Dans le dernier numéro de l’Appel de Chartres, le philosophe Thibaud Colin revient sur le récent synode sur la synodalité:
Le synode qui a lieu en ce moment à Rome cristallise un certain nombre d’enjeux et de fragilités de l’Église dans la situation contemporaine. La lecture de l’Instrumentum laboris synodal est à ce titre révélatrice. Outre les questions organisationnelles en vue d’une meilleure « participation » des fidèles, il est frappant de constater qu’il est animé par un agenda que l’on peut lire comme signe de la crise qui secoue l’Église. Il s’agit de se mettre « à l’écoute » des hommes d’aujourd’hui pour entamer avec eux un « dialogue ». Et l’on présuppose que ce dialogue ne pourra avoir lieu que si l’on rend l’enseignement de l’Église crédible. Ce souci de crédibilité implique d’intérioriser l’esprit de notre époque afin d’y inculturer la foi et la morale chrétiennes. Ce point se traduit par le souci d’aplanir les points de divergences les plus saillants avec le monde, en promouvant par exemple la question des divorcés remariés, celle d’une réforme de la morale sexuelle ou encore celle de la bénédiction de couples homosexuels. Le principe de cette forme d’esprit est le modèle herméneutique (terme qui signifie « art d’interpréter » en grec) selon lequel tout discours doit être compris relativement à un contexte culturel et historique qui peut varier. Cela tend à diluer la vérité objective d’une doctrine au profit d’approches diverses. On passe ainsi du simple constat d’un pluralisme de fait à la reconnaissance d’un pluralisme de droit, c’est-à-dire d’un pluralisme d’interprétations vu comme irréductible et légitime. Il est évident que la foi et la morale chrétiennes passées au crible d’un tel mode de pensée relativiste sont altérées. Un des experts au synode est le père jésuite franco-allemand Christoph Theobald, grande autorité progressiste de l’Église de France. Sa thèse sur le concile Vatican II est que celui-ci a décidé de donner à son engagement doctrinal une forme pastorale.

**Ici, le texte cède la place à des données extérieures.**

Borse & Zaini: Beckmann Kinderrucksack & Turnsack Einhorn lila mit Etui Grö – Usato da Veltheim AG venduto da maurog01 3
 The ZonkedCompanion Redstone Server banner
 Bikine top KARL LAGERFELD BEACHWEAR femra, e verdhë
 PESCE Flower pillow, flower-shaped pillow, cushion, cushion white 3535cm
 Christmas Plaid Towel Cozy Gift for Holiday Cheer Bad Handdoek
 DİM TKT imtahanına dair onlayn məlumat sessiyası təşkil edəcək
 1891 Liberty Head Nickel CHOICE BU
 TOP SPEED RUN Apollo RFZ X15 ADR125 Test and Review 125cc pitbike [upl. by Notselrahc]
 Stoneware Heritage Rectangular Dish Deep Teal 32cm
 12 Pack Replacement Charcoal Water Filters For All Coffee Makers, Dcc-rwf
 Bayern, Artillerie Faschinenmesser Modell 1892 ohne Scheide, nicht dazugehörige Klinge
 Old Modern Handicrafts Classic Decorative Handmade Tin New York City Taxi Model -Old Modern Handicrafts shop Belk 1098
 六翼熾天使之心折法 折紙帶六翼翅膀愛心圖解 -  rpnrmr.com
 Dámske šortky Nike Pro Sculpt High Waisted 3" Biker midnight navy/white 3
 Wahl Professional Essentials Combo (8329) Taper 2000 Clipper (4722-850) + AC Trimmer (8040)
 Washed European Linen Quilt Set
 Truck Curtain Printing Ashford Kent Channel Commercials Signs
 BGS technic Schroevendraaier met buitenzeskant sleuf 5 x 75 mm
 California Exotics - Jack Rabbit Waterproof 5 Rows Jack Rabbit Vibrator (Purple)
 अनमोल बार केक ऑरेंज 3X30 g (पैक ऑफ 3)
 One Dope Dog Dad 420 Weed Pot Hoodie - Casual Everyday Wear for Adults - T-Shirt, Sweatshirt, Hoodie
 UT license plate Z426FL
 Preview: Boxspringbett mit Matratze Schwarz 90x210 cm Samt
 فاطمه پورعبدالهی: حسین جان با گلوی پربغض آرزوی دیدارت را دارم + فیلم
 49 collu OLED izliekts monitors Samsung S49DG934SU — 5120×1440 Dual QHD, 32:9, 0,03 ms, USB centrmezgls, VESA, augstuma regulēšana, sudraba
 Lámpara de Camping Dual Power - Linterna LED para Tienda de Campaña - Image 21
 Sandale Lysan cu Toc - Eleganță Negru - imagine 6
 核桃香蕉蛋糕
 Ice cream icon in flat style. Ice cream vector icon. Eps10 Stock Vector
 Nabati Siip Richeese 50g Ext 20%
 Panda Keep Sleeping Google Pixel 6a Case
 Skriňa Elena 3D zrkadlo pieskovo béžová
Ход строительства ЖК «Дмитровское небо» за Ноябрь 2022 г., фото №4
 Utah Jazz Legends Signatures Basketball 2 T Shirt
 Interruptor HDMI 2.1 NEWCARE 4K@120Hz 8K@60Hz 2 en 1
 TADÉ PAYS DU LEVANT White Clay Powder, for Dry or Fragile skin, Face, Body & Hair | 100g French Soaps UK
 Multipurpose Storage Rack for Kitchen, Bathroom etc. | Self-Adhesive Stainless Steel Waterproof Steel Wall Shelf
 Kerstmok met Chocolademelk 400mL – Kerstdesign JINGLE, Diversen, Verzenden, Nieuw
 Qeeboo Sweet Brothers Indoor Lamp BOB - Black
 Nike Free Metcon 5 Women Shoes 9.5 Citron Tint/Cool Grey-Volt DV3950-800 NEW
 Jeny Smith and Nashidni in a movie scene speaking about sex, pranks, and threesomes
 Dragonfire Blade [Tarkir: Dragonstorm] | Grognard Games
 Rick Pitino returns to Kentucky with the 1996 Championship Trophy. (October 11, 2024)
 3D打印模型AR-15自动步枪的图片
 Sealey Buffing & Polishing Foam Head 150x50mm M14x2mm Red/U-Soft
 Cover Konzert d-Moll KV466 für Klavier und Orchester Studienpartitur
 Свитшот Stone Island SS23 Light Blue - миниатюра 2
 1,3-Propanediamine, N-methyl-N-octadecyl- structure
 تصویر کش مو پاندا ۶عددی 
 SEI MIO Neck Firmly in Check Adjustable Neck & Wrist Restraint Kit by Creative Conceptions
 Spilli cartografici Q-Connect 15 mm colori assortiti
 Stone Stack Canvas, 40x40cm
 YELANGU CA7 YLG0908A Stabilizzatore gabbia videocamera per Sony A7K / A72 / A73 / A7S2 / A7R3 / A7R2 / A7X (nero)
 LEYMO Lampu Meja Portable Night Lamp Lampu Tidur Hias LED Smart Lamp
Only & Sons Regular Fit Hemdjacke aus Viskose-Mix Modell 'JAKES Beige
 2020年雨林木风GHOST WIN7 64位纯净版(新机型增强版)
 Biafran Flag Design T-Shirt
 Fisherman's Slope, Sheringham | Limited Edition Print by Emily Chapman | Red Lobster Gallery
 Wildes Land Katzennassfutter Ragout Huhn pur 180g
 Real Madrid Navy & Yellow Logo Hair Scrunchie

Tandis que le dogme risque en effet de donner l’impression d’une vérité transhistorique, le Concile aurait intégré sous la conduite charismatique de l’Esprit Saint, la conscience historique de notre temps. La pastoralité signifie la relativité de la doctrine à la pastorale et… de celle-ci au temps présent, mesure de la crédibilité. Ainsi nombreux sont théologiens et pasteurs à ne plus percevoir l’Église que par la médiation du regard du monde. Or l’une des caractéristiques de l’esprit moderne est la réflexion, la conscience, le retour sur soi. Au lieu de recevoir le réel tel qu’il est, on l’identifie à nos représentations, toujours conditionnées. L’Église perd ainsi dans son annonce de la Bonne Nouvelle du salut une forme de naïveté, de spontanéité, de radicalité qui a caractérisé les grandes heures de son expansion. Pensons à Saint Paul, à Saint Ignace de Loyola ou encore à sainte Thérèse d’Avila ou au Curé d’Ars. Leurs paroles si tranchantes étaient-elles en recherche de crédibilité selon un paradigme herméneutique ? Que nenni !
En comparaison, les propos lénifiants du cardinal Hollerich dans son livre d’entretiens paru récemment, archevêque de Luxembourg et rapporteur général du synode, sont signes de cette anesthésie du sens de la vérité et du bien au bénéfice du sens et de la valeur. Mais le sens est toujours relatif à une interprétation du sujet et la valeur à une décision du sujet. Le rapport à Dieu est alors amorti par l’épaisseur des médiations mentales, culturelles, historiques conditionnant la subjectivité. Encore une fois, lorsque l’on voit la vie des saints, on est marqué par leur simplicité, leur naïveté, leur peu de réflexivité. Ils disent et vivent ce que Dieu leur demande et font preuve de grande simplicité dans leur message. Leur charité leur permet de rejoindre le cœur de leur interlocuteur sans à aucun moment édulcorer le message de l’Evangile. Et surtout, ils sont mus par l’impératif de Notre Seigneur leur ordonnant d’annoncer l’Evangile et de baptiser. L’intériorisation par nombre de pasteurs de la relativité de l’Église dans le salut des hommes et surtout la quasi disparition de la possibilité de la damnation éternelle ont dramatiquement fait baisser la pression évangélisatrice.
L’Église a besoin de saints !
100% d’accord, il faut des saints pour sortir de la crise et guider l’Eglise dans la ferveur de l’adoration, de la piété, des mortifications et de la lutte contre le péché. Que Dieu nous fasse grâce.